Parisinos y neoyorquinos, cuevas de Chicago habitadas por el jazz que los cubanos convirtieron en sones y danzones, "triángulo banjo cuero" de Nueva Orleans a La Habana y vuelta, "SOL filtrado por una empalizada bambú barcos de rueda -la orquesta a bordo-; reflejos de cobre SOL": así Severo Sarduy, ya metido en Tel Quel, junto a Kristeva y otros locos que al final han terminado por escribir una literatura realista donde no cuentan otra cosa que su vida llena de riesgos privilegiados. Severo, pues: música, poema, baile. Cuba y París. En los 80, me llegó a Barcelona el original de Colibrí, bastante Cobra todavía, pero otra cosa, la misma literatura aunque con distinta canción, otro tono, otro ritmo, y Carlos Barral la publicó en la Bibliotheca del Fénice, donde tantos quisieron y tan pocos felizmente pudimos.



Ahora se le rinde homenaje a la memoria del cantor, de su poema, de su manera de estar en la vida, desde el Instituto Cervantes hasta La Sorbona, a Severo Sarduy, que pudo ser un genio aunque no se lo propuso ni quiso nunca serlo, sino un cantante, mamá de dónde son, pues, con los metales disparados en la música, dentro y fuera del templo de Ochúm, todo un ritual de caracoles y de coco limpiando la cabeza, sacándole las mugres al pecador hasta dejarlo limpio, dispuesta su alma a ser montada por los santos, así es la vaina cotidiana en Cuba, y Severo Sarduy nunca lo olvidó, sino que dejó su huella y la de sus esencias cubanas en cada una de sus novelas, desde Gestos hasta el final, "líneas de puntos blancos agrimensor de tu cuerpo negro".

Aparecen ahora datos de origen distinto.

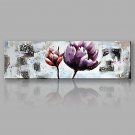 IARTSHand Painted Purple and Red Flowers Oil Painting with Stretched Frame For Home Decoration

Ahora se le rinde merecido homenaje en París, su otra y real ciudad, a Severo Sarduy, el hombre y el poeta, el bailarín de aquel congreso inolvidable, sus uñas arruinando la piel del rostro de José Agustín Goytisolo mientras el ascensor desciende rápido hasta el lobby, nadie sabe, pues, lo que pasó en esos pocos minutos, qué hablaron, qué se dijeron o qué hicieron, ese es mi homenaje de memoria a Severo Sarduy, ahora y todavía que François Walh y Gustavo Guerrero, entre otros sabios, van a hablar de un Severo Sarduy único, ahora que hasta en La Habana se preguntan por qué el cantante no fue más aplaudido hasta ahora, como si hubieran recuperado la memoria de un golpe, como si Ochúm, y todos los santos, Yemaya y San Lázaro, se hubieran puesto de acuerdo para decir el nombre de Severo Sarduy entre tambores y flores de oro en las manos.